Alors que l’urbanisation est freinée par un prix des terres élevé et la rentabilité de l’agriculture, la situation de la France interpelle avec une taxation importante du foncier agricole et de faibles loyers de fermage qui vont à contre-courant du Zéro artificialisation nette (ZAN).

Si l’agriculture européenne est soumise à différents processus d’harmonisation, ce n’est pas le cas des règles de taxation des terres agricoles. Or ces dernières ont des conséquences sur la rentabilité de l’agriculture et, logiquement, sur les changements de destination du foncier. Une taxation trop élevée peut ainsi favoriser l’urbanisation.
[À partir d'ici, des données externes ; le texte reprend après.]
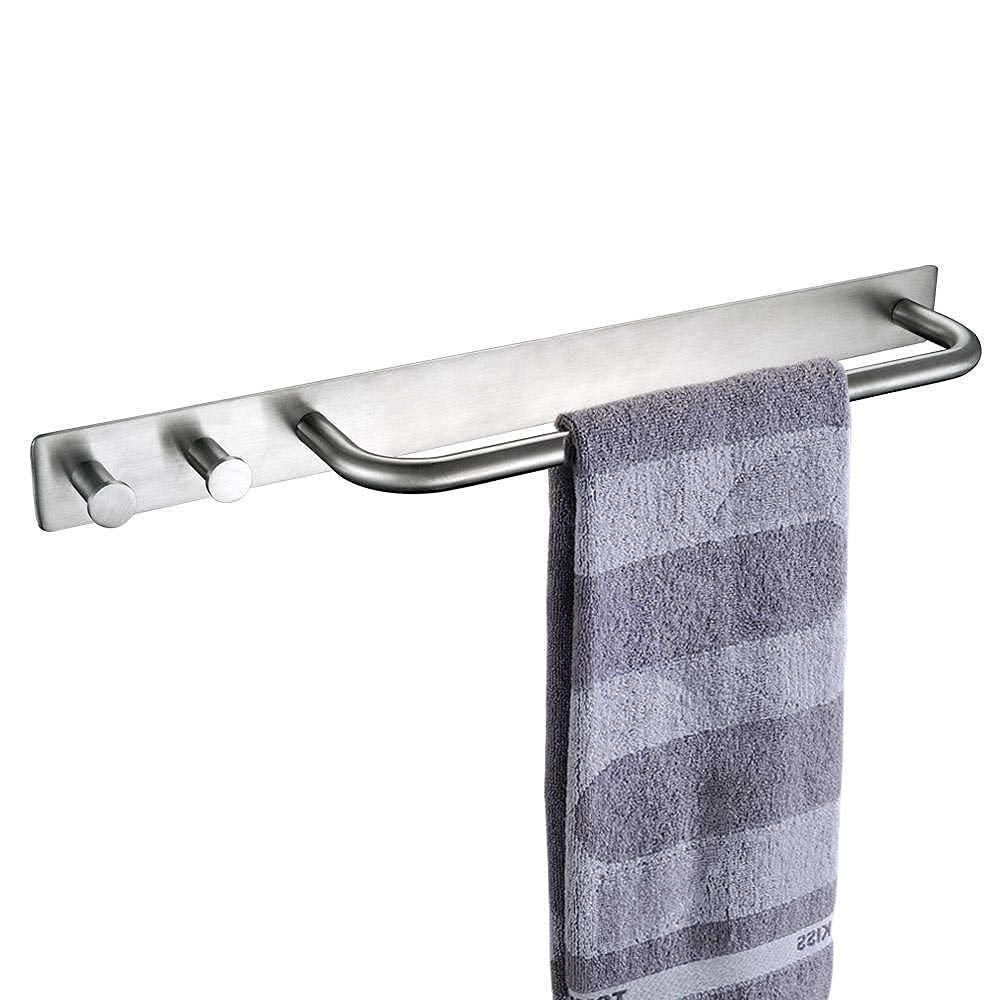 Porte-serviettes de salle de bain mural en acier inoxydable 304 durable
En Europe, les terres agricoles s’avèrent globalement assez peu taxées, explique Guillaume Sainteny, maître de conférence à AgroParisTech, en introduction d’une séance de l’Académie d’agriculture consacrée à cette problématique de la taxation et de la rentabilité des terres agricoles. Sur 12 des 30 pays étudiés, il existe un régime spécifique pour au moins la moitié des taxes étudiées, « donc une volonté d’une fiscalité légère sur les terres agricoles », souligne Guillaume Sainteny. L’évolution des dernières décennies témoigne également d’un allégement progressif de cette fiscalité : par exemple, depuis 2000, 9 pays ont supprimé les droits de mutation à titre gratuit, et depuis 2005, 4 pays ont supprimé les droits de mutation à titre onéreux sur le secteur agricole.

En France, des terres agricoles très taxées

La situation dans l’Hexagone est en revanche très spécifique. Ainsi, les loyers de fermage font partie des plus bas d’Europe et progressent moins vite que l’inflation. Entre 2009 et 2023, ils ont ainsi augmenté de 16,5 %, alors que l’inflation a progressé de 26 %.

Montant moyen des fermages dans différents pays d’Europe (© Académie d’Agriculture)

En parallèle, les taxes s’additionnent, avec des taxes annuelles liées au revenu, des prélèvements sociaux sur les revenus fonciers ruraux (qui n’existent qu’en France), et cinq taxes qui ne sont pas liées au revenu. La taxation s’avère donc très élevée « sur des loyers pourtant divisés par deux », explique Guillaume Sainteny. Et on ne peut pas non plus faire de plus-value à l’actif, avec une valeur des terres agricoles en dessous de celle des années 1970, ajoute-t-il.

Quelles conséquences pour l’agriculture ?

La rentabilité négative des terres agricoles pose ainsi différents problèmes : risque de perte de surface agricole utile, faible intérêt du portage foncier, absence de complément de revenus pour les retraités agricoles, et donc une incitation à artificialiser.

En parallèle, cette baisse de la rémunération du foncier diminue celle des services environnementaux, car en l’absence de dispositif dédié, c’est bien cette valorisation qui permet de payer les services environnementaux et fondés sur la nature, « dont on prône la rémunération », explique Guillaume Sainteny.

Pour ce dernier, il faut donc permettre une rentabilité minimum du foncier non bâti après impôt, en réformant les loyers réglementés du fermage, et/ou en allégeant la fiscalité agricole.